I also shared some recent research on the 5 most common deathbed regrets. They were as follows:

1. I wish I’d had the courage to live a life true to myself, not the life others expected of me.

2. I wish I hadn’t worked so hard.

3. I wish I’d had the courage to express my feelings.

4. I wish I had stayed in touch with my friends.

5. I wish that I had let myself be happier.

Only 3 out of the 100 people in the audience could say that their current decision making would result in a life without regret. Only 3 out of 100 people!

If only 3% of people in a room could say that, what does that mean for society as a whole? If we asked the whole population the same question, would the numbers correlate? My belief is that they would.

This result shows, at its heart, the essential problem with the Western model of society. We are building our whole society out of alignment with what we really care about. Deep down, most people must sense this, but for some strange reason we are all agreeing to do things that none of us really wants to do. We are suffering from the ultimate societal groupthink.

This is fascinating to me and it challenges me. Could it be that the majority of us are not happy with the way we live, yet we all propagate our lives this way because we think that everyone else wants it? If this is the case, then it has to be possible to undo. It has to be possible for society to really connect with what matters, and for us to rebuild and reimagine the way we all live.

This is why I believe so passionately that there is an opportunity for small nations to change the world. And also why I believe so passionately in our project to inspire the small nation of Guernsey to be the first country in the world to reimagine the very building blocks of Western society. And for that one small nation to provide all the other nations on earth with a path to something so much more human than we currently have.

Guernsey is an interesting country to start with, because many people would ask, ‘What on earth is wrong with Guernsey?’ We have a very wealthy economy with an extraordinarily low unemployment rate. People are well paid and don’t necessarily have to work that hard for their money.

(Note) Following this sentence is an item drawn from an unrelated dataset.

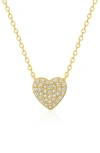 Crislu Pavé Cubic Zirconia Heart Pendant Necklace In Gold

Guernsey is a Low Tax Jurisdiction (what some may unjustifiably call a Tax Haven). In other words, our main industry is Finance. And that industry is at the foundation of one of the most successful small economies on earth.

This all sounds great, until you scratch beneath the surface. You see, the thing is, I actually don’t know many people who are happy in their employment in Guernsey. I don’t know many people who would do the job they were doing if they didn’t need the money. Guernsey does not have an unemployment problem. It has a fulfilment in employment problem. And to me, this is a really serious issue.

We are seeing an explosion of consumption (or ‘numbing’) happening in Guernsey – and the West in general – and we also have a mental health epidemic that continues to grow and grow. These are consistent signs that we are, deep down, unhappy with the reality of life. Our higher level needs are just not being met.

Beyond a certain point, money is not a prime motivator. The true motivators for human beings are mastery, freedom and purpose. If you want to know more about this watch Dan Pink’s TED talk on The Puzzle of Motivation.

Most people’s work provides very little mastery, freedom and purpose. They are in very short supply in most modern economies, too. We are all working more and more to pay for things that we just don’t need – and the price we pay is the life without regret – the life that we are all capable of achieving, but usually don’t.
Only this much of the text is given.